The interface is fairly snazzy, though it’s clearly adapted from another game. There’s a picture of an ancient-looking water jug at the start of the game that has absolutely nothing to do with anything that happens in the story. Each character, amusingly enough, has a hit-point counter, even though there isn’t a shred of combat or anything approaching combat in Little Billy. Well, actually there is, but it happens offstage — Billy must have gotten the drop on his combatants, because he’s obviously just a 1st level Schoolkid (chaotic good, of course) with a mere 10 hit points. His dad, on the other hand, has a whopping 54 hit points, which must make him a 6th or 7th level Cleric. He apparently got all his combat experience beating Little Billy to within a hit point of his life. Oh well, enough silliness. Making up stuff like that was the most fun I had with the game, but I can have that kind of fun without any comp game at all.

Rating: 2.5

Desert Heat by Papillon [Comp00]

IFDB page: Desert Heat
Final placement: 28th place (of 53) in the 2000 Interactive Fiction Competition

Playing Desert Heat made me realize something. In the first five years of the IF Competition, I don’t think a single “true” Choose-Your-Own-Adventure style branching narrative has been entered. Sure, we had Human Resources Stories, but despite its title, that game had no story — it was just a weird quiz. We also had Life On Beal Street, but that game didn’t really offer any choices, unless you count “quit” and “don’t quit” as legitimate story branches, which I don’t. So along comes Desert Heat, a true CYOA story, forcing me to decide what I think about such a format for a comp game.

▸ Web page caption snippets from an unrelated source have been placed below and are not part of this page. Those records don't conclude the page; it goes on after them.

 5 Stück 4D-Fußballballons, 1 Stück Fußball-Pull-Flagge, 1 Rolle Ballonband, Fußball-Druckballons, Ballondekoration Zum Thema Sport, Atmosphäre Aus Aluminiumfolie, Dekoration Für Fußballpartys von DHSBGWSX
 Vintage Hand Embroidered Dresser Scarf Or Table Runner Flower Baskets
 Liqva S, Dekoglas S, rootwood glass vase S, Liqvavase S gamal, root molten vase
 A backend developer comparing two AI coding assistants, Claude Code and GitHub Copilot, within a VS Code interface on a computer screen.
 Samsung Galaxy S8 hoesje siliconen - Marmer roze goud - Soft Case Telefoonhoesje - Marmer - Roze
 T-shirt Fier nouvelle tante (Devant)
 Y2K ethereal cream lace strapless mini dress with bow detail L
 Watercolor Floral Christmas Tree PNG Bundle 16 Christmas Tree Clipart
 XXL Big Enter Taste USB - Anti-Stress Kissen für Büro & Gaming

Here’s what I ended up with: I have nothing against CYOA; in fact I like it, and nurture fond childhood memories of CYOA books by the likes of Edward Packard, R.A. Montgomery, and the amusingly pen-named D. Terman [Which turns out not to be a pen name at all. Guy was actually named Douglas Terman. — 2020 Paul]. However, in an interactive fiction competition where its competitors boast full-blown parsers, maps, and the like, it just doesn’t feel very interactive. Desert Heat does an excellent job of presenting its milieu, but I kept wishing for many more choices than the story offers.

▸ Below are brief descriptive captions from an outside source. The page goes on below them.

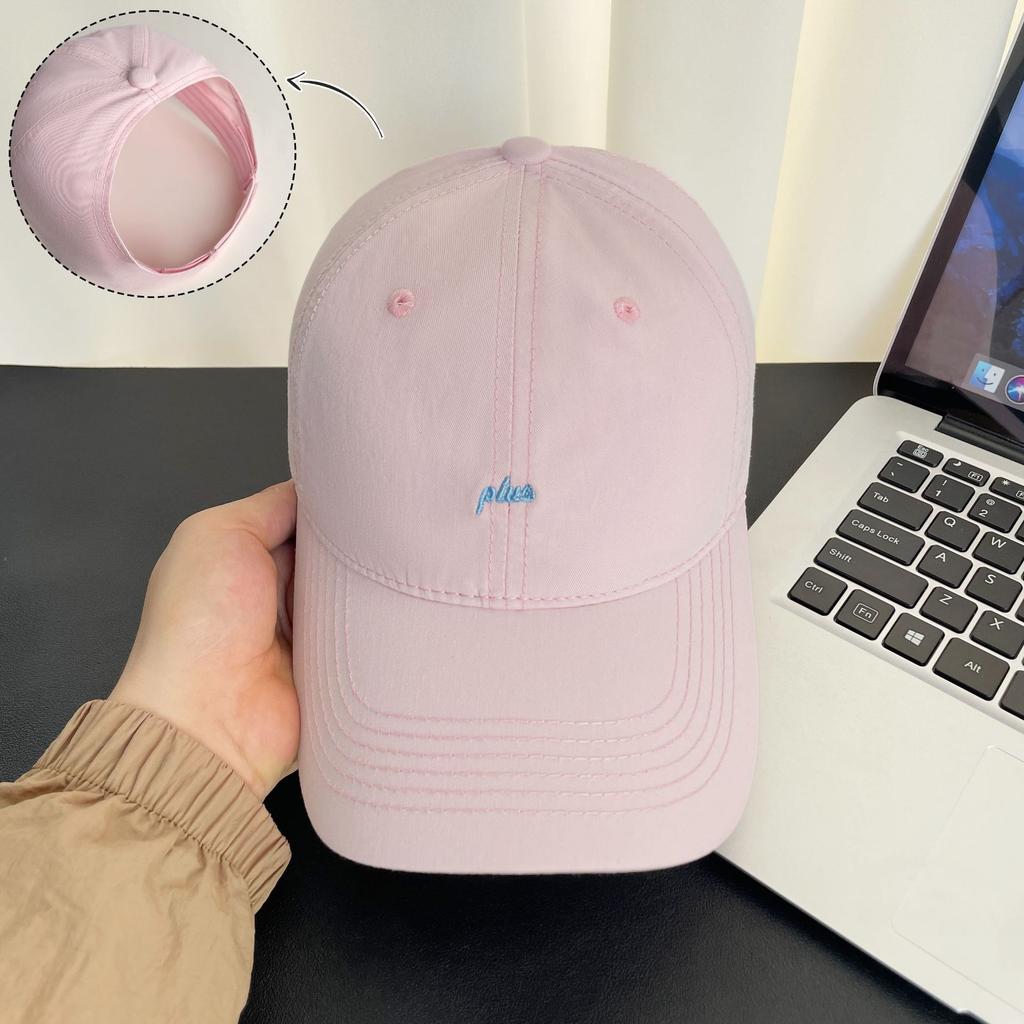 R Letter Embroidered Baseball Cap Women's Summer Versatile Can Tie Ponytail Empty Top Hat Outdoor Face Small Sunshade Cap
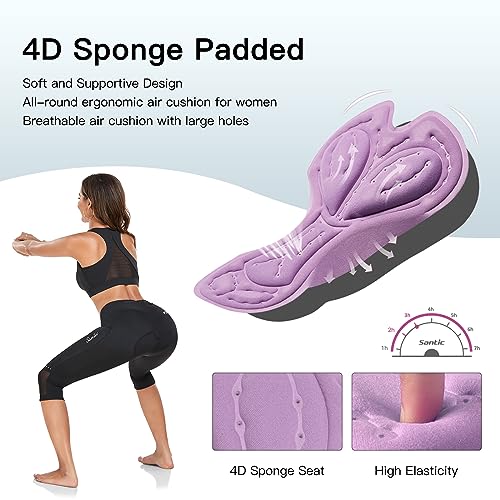 Santic Women's Cycling Pants High Waist 4D Padded Cycling Capris Shorts 3/4 Biking Leggings Pants with Pockets Black - Image 4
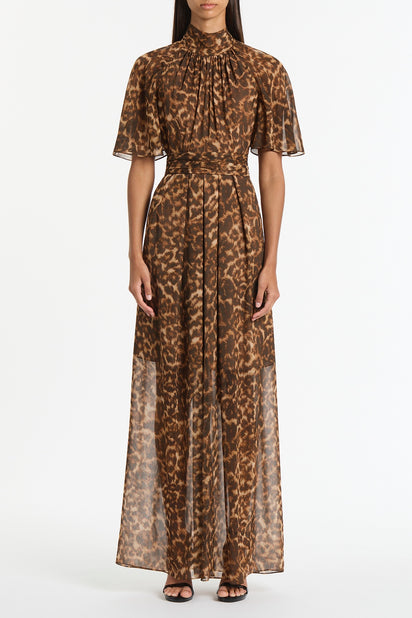 LEOPARD SILK MAXI DRESS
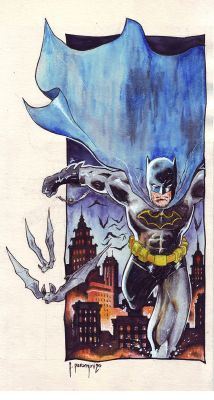 Francisco Paronzini | Batman Watercolor Commission Page Commission | Splash Page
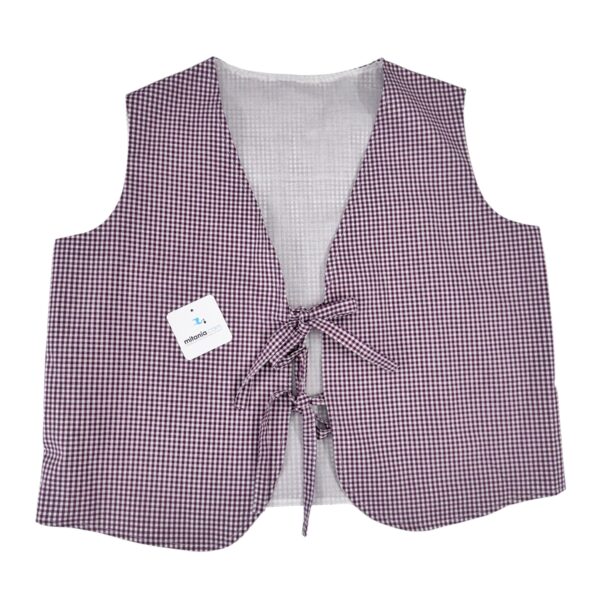 CHALECO VICHY BURDEOS (XS A XXL)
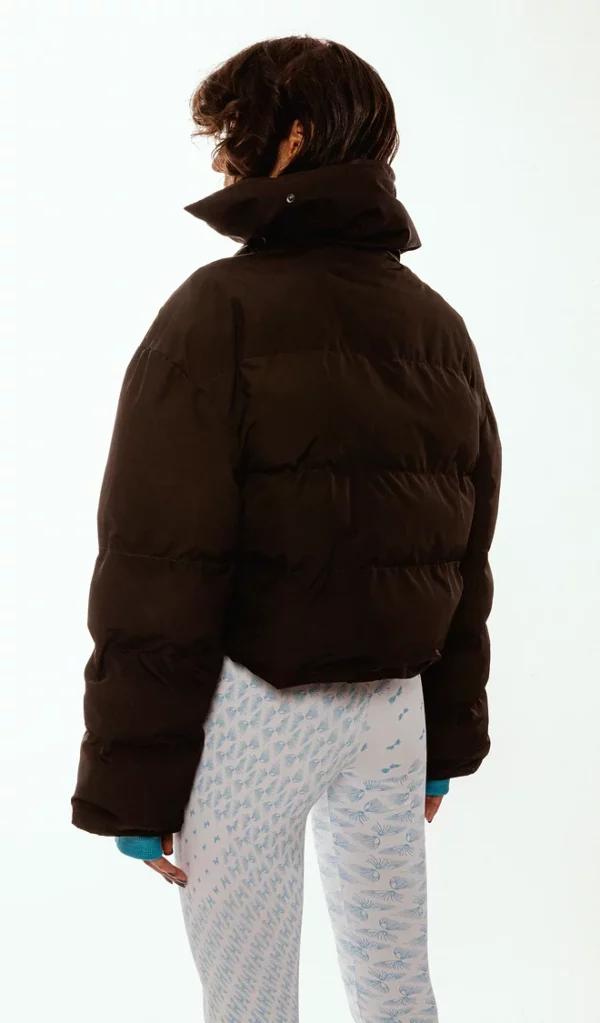 Butterfly Motif Cropped puffer jacket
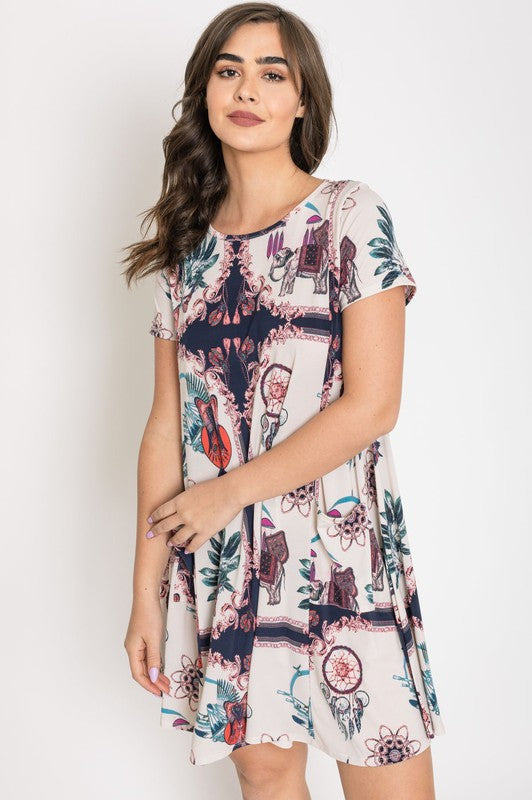 Plus Dream Catcher Print Shift Dress-Charmful Clothing Boutique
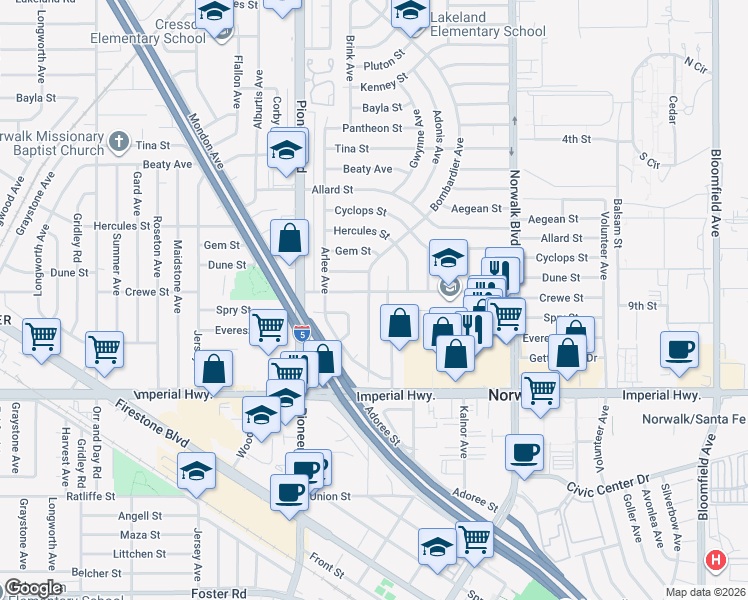 map of restaurants, bars, coffee shops, grocery stores, and more near 12208 Bombardier Avenue in Norwalk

Perhaps part of the problem is that the game’s narrative doesn’t actually offer that many real options. Most of the branches aren’t branches at all. Instead, they generally do one of three things: one, they reveal themselves to be dead ends, forcing you back to a previous node; two, they only offer the illusion of choice, because every option leads to the same node; or three, they result in an abrupt ending. Endings are plentiful in Desert Heat, but branches aren’t, and that probably accentuated the feeling of restriction I was already experiencing as a result of dropping from the wide-open ambiance of a text adventure into the more streamlined mode of CYOA. Consequently, I found that I was having less fun with Desert Heat than I had with the good parser games I’ve played so far, though to be fair I did find it more fun than the bad parser games, so format isn’t the only thing at work here.

The other unique thing about DH is its genre. It calls itself “A Romance Of Sorts”, and because I’m not a reader of romances, I couldn’t say how closely it hews to the conventions of that genre. I can say that it was written well, proofread well, and programmed well (though the programming chores are obviously more minimal when it comes to CYOA, and the author apparently had help from Mark Musante’s CYOA library for TADS). The Arabic, desert milieu is one I haven’t seen very often at all in IF (the only other one I can bring to mind is a section of TimeQuest), and it feels fresh and interesting. The characters are believable, the intrigue plausible, and there are even some quite subtle moments of humor. (Read the descriptions closely if you ask one of the characters to dance.)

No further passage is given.